In a world where anyone can make anything many things will be copied & reverse engineered. Many things will be remixed. Many things will be adapted upon, changed radically or altered ever so slightly. It will be easy to download objects and tweak them. People will work on things together and designs will be passed around the world. In such a world we must be mindful of attribution. Attribution will be key to encouraging invention & innovation by letting people reap the rewards of their creations. If things are not correctly attributed we reward only those that copy and not those that put in the hard work. We risk ending up in a world without fundamentally new ideas and without true innovation.

I will write more about this in a later post but I think its about time for us all to accept that we will soon no longer be living in a world with any defensible intellectual property. I think that this is inevitable and it is from this operating assumption that I write this post. The one thing we should hang on to is attribution. When a movie is downloaded you at least know its from New Line Cinema or the Michael Haneke directed it. You at least know the movie by its original title and can enjoy and recommend that film to friends. You could later on buy the movie or friends of yours could or you could become a fan of Mr.
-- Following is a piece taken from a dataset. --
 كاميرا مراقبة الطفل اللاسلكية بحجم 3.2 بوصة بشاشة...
Haneke. In this manner Mr. Haneke profits from any and all interactions people have with his film and indirectly could monetize even free downloads.

With things it is different. If you design a lovely chair, I could download the file adapt it and change the name of the chair. I could take your form, innovation or design and remove all trace of you. It would be difficult for anyone to then find out who you were and that you designed this chair. The object is different from the movie, it is not a shared experience per se but a thing. Because of this you could not profit from the success of this thing in any way. It would be easier to copy, steal and adapt than innovate and do research.
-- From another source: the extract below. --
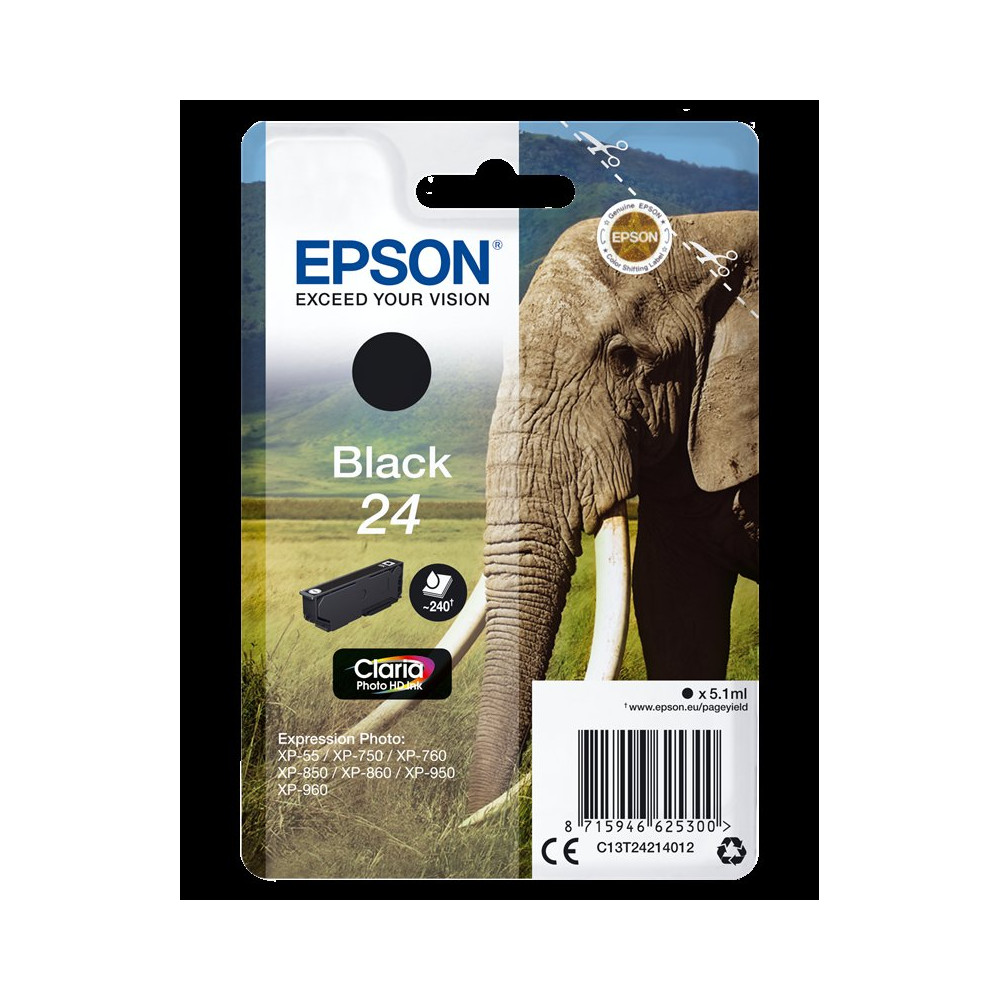 Epson 24 nero Cartuccia d'inchiostro (C13T24214012)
True artists and inventors would not be rewarded and unable to make any money off of their innovations. The outmoded Intellectual Property system is a plaything for big companies and is not capable of dealing with the speed of a 3D printed world. Since it is concerned with individual objects and comparing their relative uniqueness, age or primacy it will be too slow to make any real impact on what is actually happening with 3D printed things. If a court could make a ruling in Belgium on a case of infringement within two weeks it would be irrelevant in a global context despite copyright and other treaties. Also, by then this thing will have mutated perhaps a 100 times in as many jurisdictions. When does one copy become a new thing? Since the system is set up to rule in cases of individual items it is always going to be behind the times. If Mary copies a chair and then Tom adapts it and Leandro adapts it once again and then Min downloads the original and changes that while Moses combines both chairs then who infringes when? If Mary is found to have infringed on the original, then what about the others? The court would have to determine infringement in each and every case individually.

Previously copyright worked because book printing companies and TV stations were centralized businesses that were easy to find. In a world of decentralized production there will be no one to go after. There will always be someone somewhere who doesn’t have a mortgage, doesn’t have kids in college but does have a 3D printer.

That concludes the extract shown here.